MONTREAL -- A young Black man says he was unjustly roughed up and handcuffed by Montreal police (SPVM) before being fined for not having a reflector light on his bicycle's front wheel.
Prodil Houanhou says he was on his way to a friend's house on Saturday to play music when he saw police questioning another Black man at the corner of de Maisonneuve Boulevard and Montcalm Street in Montreal's east end.
He says he stopped to observe the situation from a distance when a police cruiser suddenly pulled up behind him.
Houanhou alleges an officer shouted at him from the car, "What are you waiting for? To start filming?"
"A young Black man getting arrested, I just intrinsically stopped to watch," he told CTV News. "I was not in their perimeter.

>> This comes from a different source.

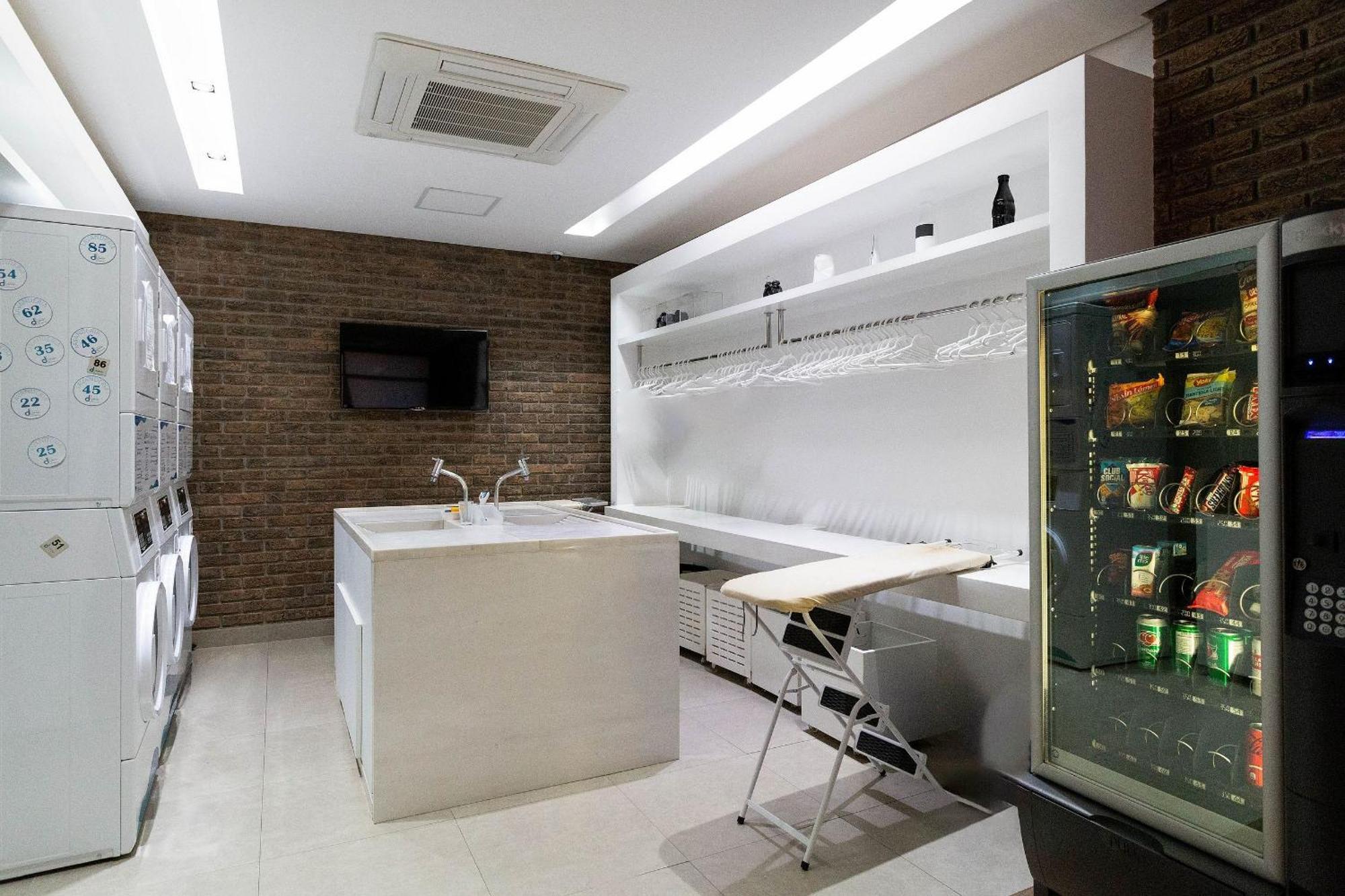 Condominio Na Vila Madalena Com Lazer E Garagem São Paulo Eksteriør bilde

I was far from them."
Houanhou claims the officer then walked over to ask him for a piece of identification.
"I felt really scared and also, I felt like I was in school and I got bullied. The only difference is I couldn't defend myself. I couldn't move, I couldn't do anything," he said.

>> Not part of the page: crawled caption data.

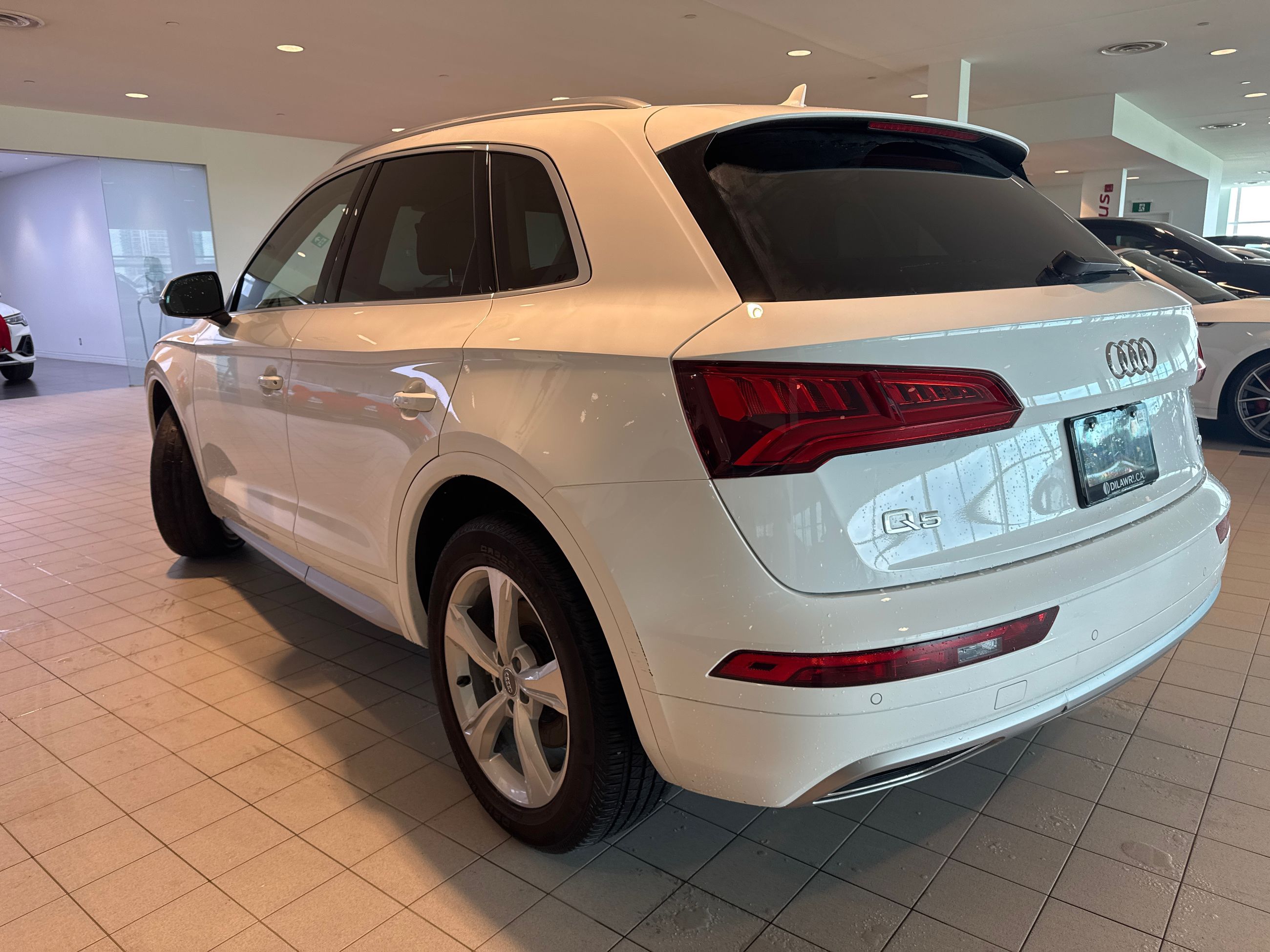 2020 Audi Q5 in Toronto, Ontario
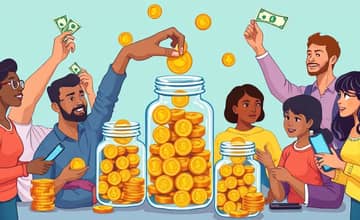 Microinvestimentos: Pequenas Quantias, Grandes Resultados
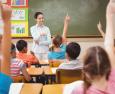 Aria sana nelle scuole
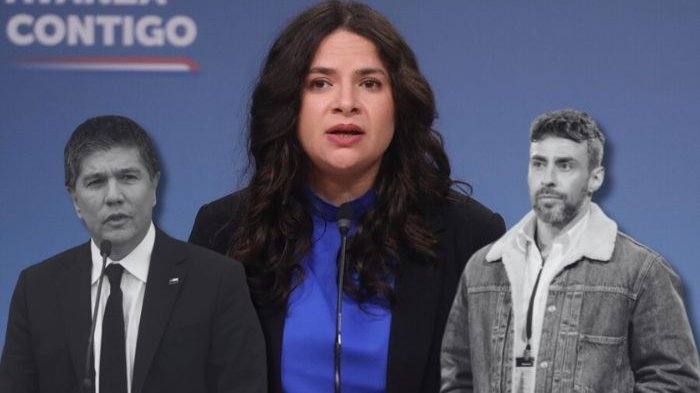 Orellana habló tras denuncias sexuales contra Monsalve y Valdivia: “El alcohol no es una excusa”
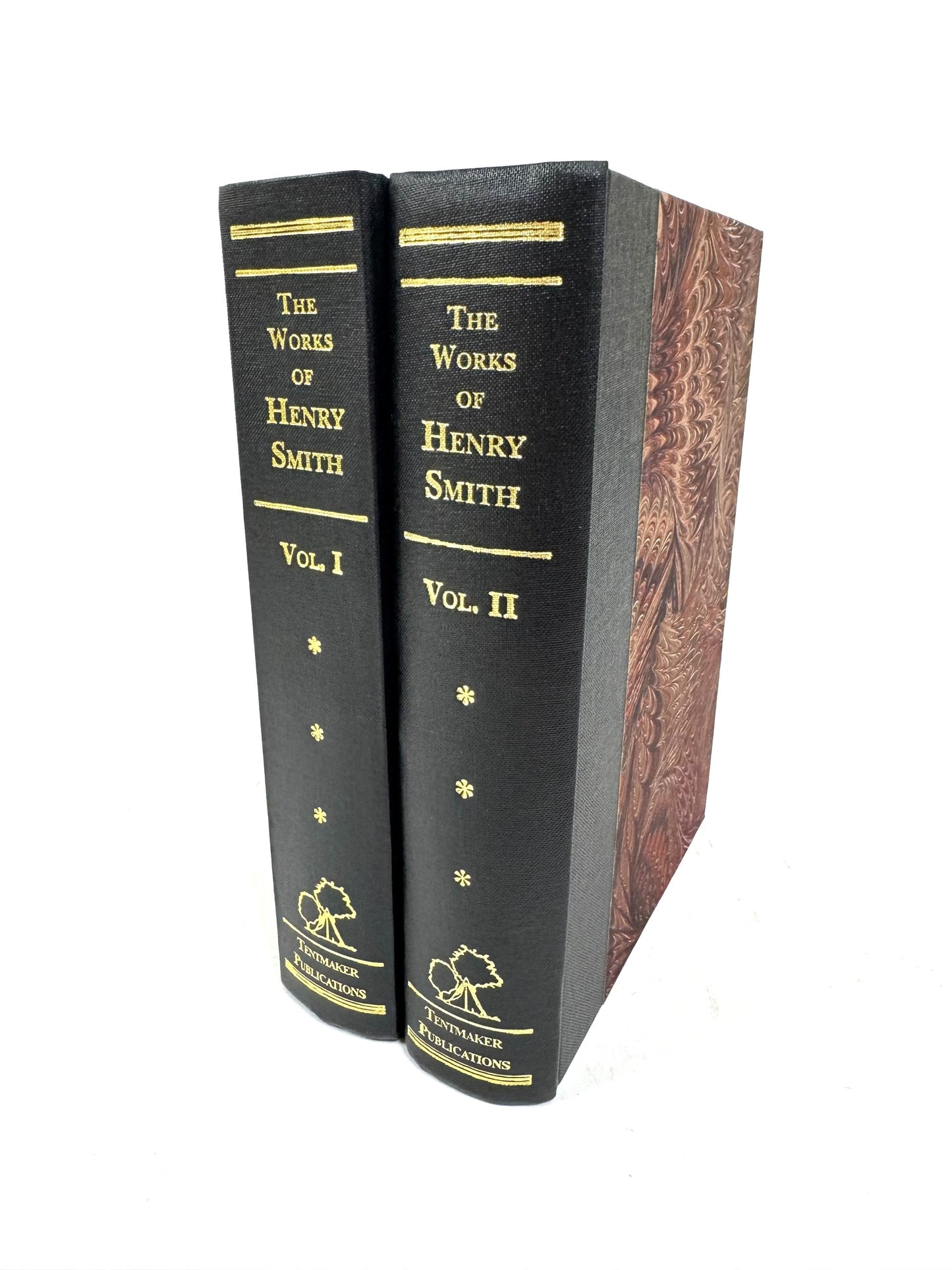 The Works of Henry Smith 2 vol. set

When he asked why the officer wanted his ID, he says he was violently pushed against a wall and handcuffed.
"Next thing I know, I'm on the wall. They took my phone, they handcuffed me and while I was handcuffed... I was shaking, obviously," he told CTV News. "One officer, on my right, he was telling me to stop shaking. They don't like people shaking."
The 27-year-old says the officers searched his belongings and removed his ID from his wallet.

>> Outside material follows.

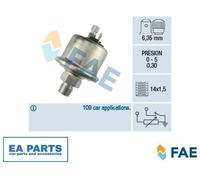Sender Unit, oil pressure for OPEL ASCONA B ASCONA C CORSA A KADETT E FAE 14560
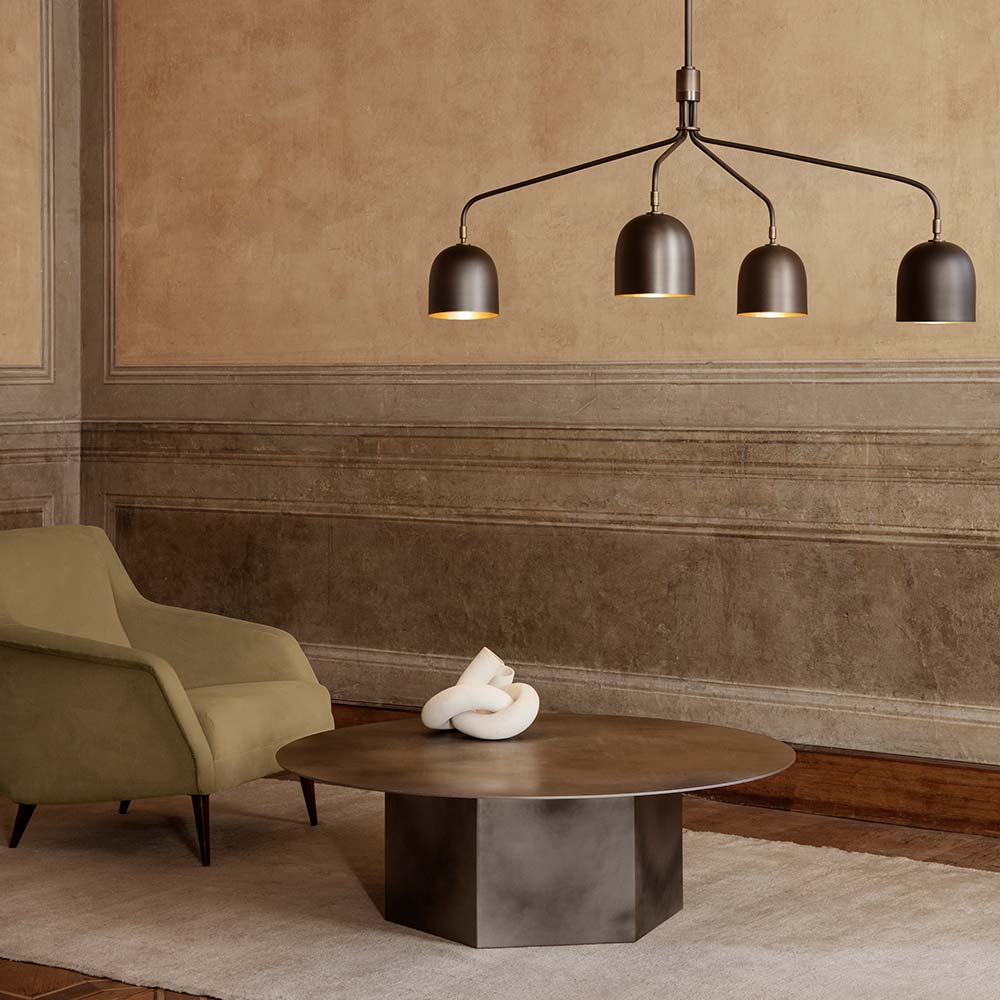 CDC.1 Lounge Chair - Wood Base - Image 9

They then told him the front wheel of his bike was missing a reflector.
"They told me that I was going to get a ticket mailed to me," he said. "They told me to leave and go do something better than watch other people."
Houanhou says once he was released, he noticed other people had stopped to watch and film him.
"I don't think I was treated well," he said, adding several witnesses came to offer him coffee or food to settle his nerves. "Maybe it was my fault, I felt concerned [about the other Black man]."
Houanhou says he now plans to file a complaint with the Police Ethics Commission, as well as Quebec's Human Rights Commission.
Fo Niemi, executive director of the Centre for Research-Action on Race Relations (CRARR), insists this incident is a clear case of racial profiling.
"It looks like a pretext stop to basically give this man a hard time and get him into the police database and justify why they would detain and rough him up," he said.
Montreal police told CTV News it is aware of the incident and is investigating the circumstances surrounding it.